ON WHAT SHE'D TELL HER SEVEN-YEAR-OLD SELF: "I was so sad and at seven, all of my real love came from my teachers. I would say this to anybody in this room: You have no idea of the power of noticing another human being and what it feels like when somebody knows that they have been seen, truly seen, by you. It is the greatest offering you can give. And all those years on 'The Oprah [Winfrey] Show,' the greatest lesson I learned was that after every show, someone would say, invariably, in one way or another, 'How was that?' I'd finish an interview with a father who killed his twin girls. I'd finish an interview with politicians, Barack Obama or Joe Biden, George Bush. Beyoncé! They all said the same thing: 'How was that?' And so I started to see that there's this common thread in our humanity where everyone wants to know, 'How was that? Did I do okay? Did you hear me and did what I say mean something to you?' So I would have to say that recognizing that in other people has helped me to become a person of compassion...I know that at the core of you is the same as the core of me. You just want to be heard."

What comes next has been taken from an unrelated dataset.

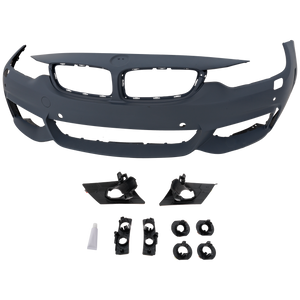 4-SERIES 14-20 FRONT BUMPER COVER, Primed, w/ M Sport Pkg, w/ HLW/PDC Snsr Holes/Cam, w/o Park Assist Sensor Holes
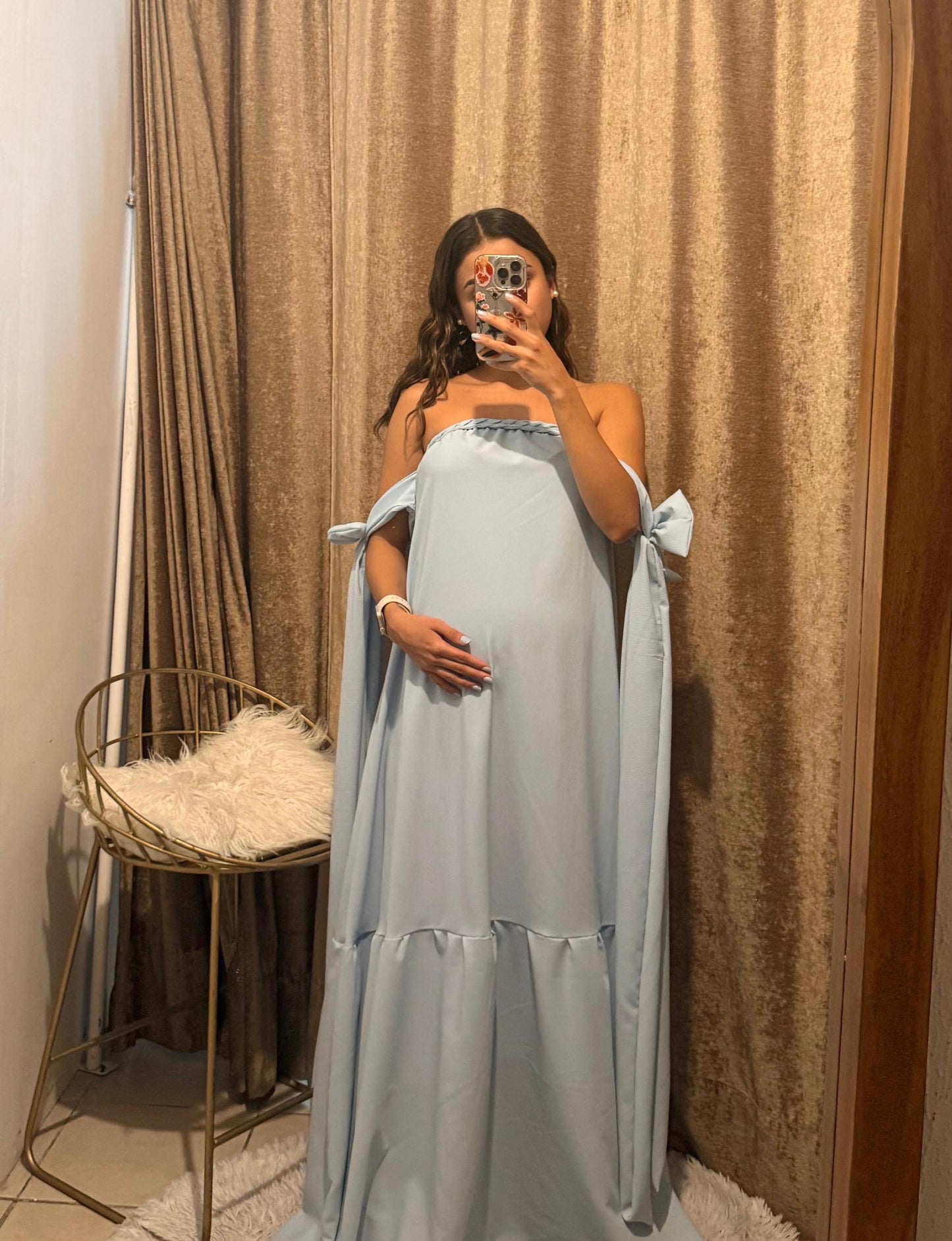 Vestido de maternidad Kalisi azul cielo  (CH)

ON THE STATE OF THE WORLD: "I always think and know, having watched it over the years, through thousands and thousands of interviews and watching people and their dysfunction that when something really negative is brewing, that there is the direct opposite reaction that is also possible because for every action there is an equal and opposite reaction. So when something as big as what started to happen in October with [the] Harvey Weinstein [allegations]... and with every day's revelations, I thought, 'Here is an opportunity for something powerfully, a powerful growth, and how do we use this moment to elevate what is happening instead of continually victimizing ourselves?' And so I think that wearing black in solidarity is one step. I think that what Time's Up is doing with the legal defense fund is a major step. It was very important to all of us involved in Time's Up that it not just be about the women of Hollywood because we're already a privileged group, but to extend to the women of the world, because as I said tonight, there isn't a culture, a race, a religion, a politic, a workplace that hasn't been affected by it. And one of the reasons why I wanted to tell Recy Taylor's story is so that people know it's been happening for a very long time -- when people didn't feel that they could speak up and so there are so many women who endured so much and remain silent, and it kept going because there was no other recourse and now that we've all joined as one voice, I think that it feels like empowerment to those women who have never had it."